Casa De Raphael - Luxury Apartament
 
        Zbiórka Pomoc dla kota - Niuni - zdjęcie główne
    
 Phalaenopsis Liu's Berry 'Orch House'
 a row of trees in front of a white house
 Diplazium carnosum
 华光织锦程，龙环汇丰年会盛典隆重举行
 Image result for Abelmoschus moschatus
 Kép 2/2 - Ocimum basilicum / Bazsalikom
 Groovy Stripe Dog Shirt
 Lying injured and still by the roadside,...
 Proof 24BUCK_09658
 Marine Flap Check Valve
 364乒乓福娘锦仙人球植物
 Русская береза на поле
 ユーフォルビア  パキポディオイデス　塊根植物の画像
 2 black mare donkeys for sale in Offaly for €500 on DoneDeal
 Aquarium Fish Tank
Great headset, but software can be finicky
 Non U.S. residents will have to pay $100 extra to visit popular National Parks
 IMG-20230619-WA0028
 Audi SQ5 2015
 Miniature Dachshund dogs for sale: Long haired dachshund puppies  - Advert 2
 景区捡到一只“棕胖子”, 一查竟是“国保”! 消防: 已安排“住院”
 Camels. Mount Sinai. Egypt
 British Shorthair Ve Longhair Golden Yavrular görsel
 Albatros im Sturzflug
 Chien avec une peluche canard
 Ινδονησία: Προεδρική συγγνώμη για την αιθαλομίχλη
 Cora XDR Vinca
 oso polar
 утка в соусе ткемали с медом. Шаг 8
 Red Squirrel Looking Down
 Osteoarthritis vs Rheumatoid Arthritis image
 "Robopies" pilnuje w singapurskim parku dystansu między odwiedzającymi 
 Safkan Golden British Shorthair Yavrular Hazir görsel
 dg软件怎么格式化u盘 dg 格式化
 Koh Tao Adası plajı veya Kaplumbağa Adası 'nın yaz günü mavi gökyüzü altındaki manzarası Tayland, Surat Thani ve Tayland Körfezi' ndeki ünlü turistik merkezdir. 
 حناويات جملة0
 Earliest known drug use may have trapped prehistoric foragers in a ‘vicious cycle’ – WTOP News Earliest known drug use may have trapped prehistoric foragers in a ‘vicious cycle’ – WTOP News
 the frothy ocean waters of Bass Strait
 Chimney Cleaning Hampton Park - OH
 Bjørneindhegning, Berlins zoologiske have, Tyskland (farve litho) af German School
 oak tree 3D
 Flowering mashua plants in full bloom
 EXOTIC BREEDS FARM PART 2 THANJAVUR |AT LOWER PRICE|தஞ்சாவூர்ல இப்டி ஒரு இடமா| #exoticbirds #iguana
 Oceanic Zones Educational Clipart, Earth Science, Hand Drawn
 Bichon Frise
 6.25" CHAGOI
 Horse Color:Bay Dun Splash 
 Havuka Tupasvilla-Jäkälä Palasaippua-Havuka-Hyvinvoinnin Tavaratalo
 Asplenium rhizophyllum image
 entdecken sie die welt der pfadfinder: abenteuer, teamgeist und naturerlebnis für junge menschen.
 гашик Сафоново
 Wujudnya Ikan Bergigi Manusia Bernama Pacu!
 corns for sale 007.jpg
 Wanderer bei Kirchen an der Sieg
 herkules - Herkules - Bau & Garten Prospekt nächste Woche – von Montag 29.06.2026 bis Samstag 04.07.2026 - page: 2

• _The problem_
All lines above from the one holding "Phalaenopsis Liu's Berry 'Orch House'" to the one holding "Cora XDR Vinca", inclusive, are to be copied exactly; no other line is wanted.

• _Expected output_
 Phalaenopsis Liu's Berry 'Orch House'
 a row of trees in front of a white house
 Diplazium carnosum
 华光织锦程，龙环汇丰年会盛典隆重举行
 Image result for Abelmoschus moschatus
 Kép 2/2 - Ocimum basilicum / Bazsalikom
 Groovy Stripe Dog Shirt
 Lying injured and still by the roadside,...
 Proof 24BUCK_09658
 Marine Flap Check Valve
 364乒乓福娘锦仙人球植物
 Русская береза на поле
 ユーフォルビア  パキポディオイデス　塊根植物の画像
 2 black mare donkeys for sale in Offaly for €500 on DoneDeal
 Aquarium Fish Tank
Great headset, but software can be finicky
 Non U.S. residents will have to pay $100 extra to visit popular National Parks
 IMG-20230619-WA0028
 Audi SQ5 2015
 Miniature Dachshund dogs for sale: Long haired dachshund puppies  - Advert 2
 景区捡到一只“棕胖子”, 一查竟是“国保”! 消防: 已安排“住院”
 Camels. Mount Sinai. Egypt
 British Shorthair Ve Longhair Golden Yavrular görsel
 Albatros im Sturzflug
 Chien avec une peluche canard
 Ινδονησία: Προεδρική συγγνώμη για την αιθαλομίχλη
 Cora XDR Vinca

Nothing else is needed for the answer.